National Geographic Tales of the Weird

by David Braun

  The Oddly Tilted Planet

  Uranus is a bit of an oddball planet, and scientists are intrigued by its curiosities:

  1. Uranus spins on its side. It’s the only planet with a rotational axis that’s tilted almost into its orbital plane.

  2. Unlike the other gas giants, Uranus doesn’t emit much heat.

  3. Uranus has the most powerful known winds in the solar system, blowing at more than 500 miles an hour (805 kilometers an hour).

  During an equinox on Uranus, the planet is “completely sideways to the sun,” Hammel said. Uranus’s exposure to light and dark is therefore more similar to that experienced by the other planets, and the resulting temperature differences allow the icy giant’s atmosphere to “turn on” and see more circulation.

  Hubble Hopes

  Hammel and other astronomers have been studying the planet’s cloud activity since the last equinox to track how seasonal changes affect the weather. Until this new spot was observed, researchers had thought Uranus’s spring period was over. Now astronomers aren’t sure just how long the planet will continue to form such clouds.

  Hammel is hoping more astronomers will study Uranus’s new spot, and that enough independent confirmation of the feature will prompt Hubble managers to once again look at Uranus. After all, the last time this planet experienced a change in seasons was 1965. “This is the first opportunity in modern astronomy to look at Uranus with this detail,” she said.

  COSMIC DUST-UP

  Planets Being Pulverized

  Near Giant Black Holes?

  A planetary “roller derby” may be playing out around the supermassive black hole at the heart of the Milky Way, according to a new theory that could help solve a dusty mystery.

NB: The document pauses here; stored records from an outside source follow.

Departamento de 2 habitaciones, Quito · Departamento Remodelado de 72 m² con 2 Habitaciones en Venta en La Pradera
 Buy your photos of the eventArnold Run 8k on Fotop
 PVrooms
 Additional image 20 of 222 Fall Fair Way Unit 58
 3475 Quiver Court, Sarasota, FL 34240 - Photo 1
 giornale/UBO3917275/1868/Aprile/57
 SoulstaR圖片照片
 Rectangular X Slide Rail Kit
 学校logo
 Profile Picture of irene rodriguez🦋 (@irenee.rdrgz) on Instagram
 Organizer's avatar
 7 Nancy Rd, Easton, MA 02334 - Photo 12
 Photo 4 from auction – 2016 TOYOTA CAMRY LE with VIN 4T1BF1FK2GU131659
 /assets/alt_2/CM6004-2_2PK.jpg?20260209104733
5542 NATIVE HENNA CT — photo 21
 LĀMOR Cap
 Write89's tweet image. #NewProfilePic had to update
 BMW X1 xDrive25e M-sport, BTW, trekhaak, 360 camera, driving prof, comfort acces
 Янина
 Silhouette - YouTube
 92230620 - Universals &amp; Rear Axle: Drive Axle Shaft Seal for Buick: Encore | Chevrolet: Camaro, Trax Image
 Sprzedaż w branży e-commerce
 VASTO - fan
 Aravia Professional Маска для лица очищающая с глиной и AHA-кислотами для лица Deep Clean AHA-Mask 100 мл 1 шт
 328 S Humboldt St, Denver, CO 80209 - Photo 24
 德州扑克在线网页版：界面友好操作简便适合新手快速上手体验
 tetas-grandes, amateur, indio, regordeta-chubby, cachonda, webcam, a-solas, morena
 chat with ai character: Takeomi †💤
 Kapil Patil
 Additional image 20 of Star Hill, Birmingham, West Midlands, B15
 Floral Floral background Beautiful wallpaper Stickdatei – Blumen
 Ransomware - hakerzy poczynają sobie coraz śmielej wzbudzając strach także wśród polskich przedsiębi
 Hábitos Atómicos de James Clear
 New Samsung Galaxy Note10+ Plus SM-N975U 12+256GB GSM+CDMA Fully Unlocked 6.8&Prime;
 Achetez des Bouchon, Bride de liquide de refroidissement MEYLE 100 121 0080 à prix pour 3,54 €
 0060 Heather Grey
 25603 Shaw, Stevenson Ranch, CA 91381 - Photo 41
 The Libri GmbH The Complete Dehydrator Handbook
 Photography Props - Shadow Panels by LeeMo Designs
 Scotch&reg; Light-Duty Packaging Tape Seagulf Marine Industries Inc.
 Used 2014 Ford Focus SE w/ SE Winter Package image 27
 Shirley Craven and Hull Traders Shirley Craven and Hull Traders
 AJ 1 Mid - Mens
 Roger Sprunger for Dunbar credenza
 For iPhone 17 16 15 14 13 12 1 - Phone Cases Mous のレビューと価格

  For planets and asteroids, life near a black hole can be nasty, brutish, and short. But astronomers believe that in their demise may be found the origin of giant cosmic dust clouds.

  Planet Smashing

  Almost all of the large galaxies observed so far have central black holes, each billions of times the mass of our sun. But about half of these cosmic monsters are obscured by dense rings of dust, and astronomers have been uncertain where all this dust comes from and how it’s remained intact over time.

  According to the new theory, it’s possible that newly formed planets and asteroids whirling close to these giant black holes are continually being smashed to smithereens, creating the thick, donut-shaped clouds of debris.

  TRUTH:

  NOTHING CAN ESCAPE FROM A BLACK HOLE.

  “Near a supermassive black hole, velocities are hundreds to a few thousand kilometers per second,” said study leader Sergei Nayakshin of the University of Leicester in the United Kingdom. At such speeds, “hitting an Earth-size planet with a solid object a few kilometers across could fragment [the planet] into lots of smaller fragments that, over time, become nothing more than dust.”

  Supermassive Attack

  Supermassive black holes are the largest black holes in a galaxy, and recently, one was caught eating a star. Astronomers observed a burst of high-energy gamma rays emanating from the center of a dwarf galaxy 3.8 billion light-years away. The flash, one of the brightest and longest gamma ray bursts ever seen, was believed to be caused by a supermassive black hole destroying a star that got too close to its gravitational pull. While supermassive black holes are thought to exist in most large galaxies, such an event may happen only once every hundred million years in any given galaxy.

  When Worlds Collide

  In 2006, astronomers discovered a population of stars in two rotating disks around the Milky Way’s central black hole. Nayakshin’s team believes these stars may have also formed their own planets and asteroids, similar to the objects in our solar system. Such planets would have to be orbiting their host stars extremely closely to be able to form under the intense gravitational forces that exist near a black hole.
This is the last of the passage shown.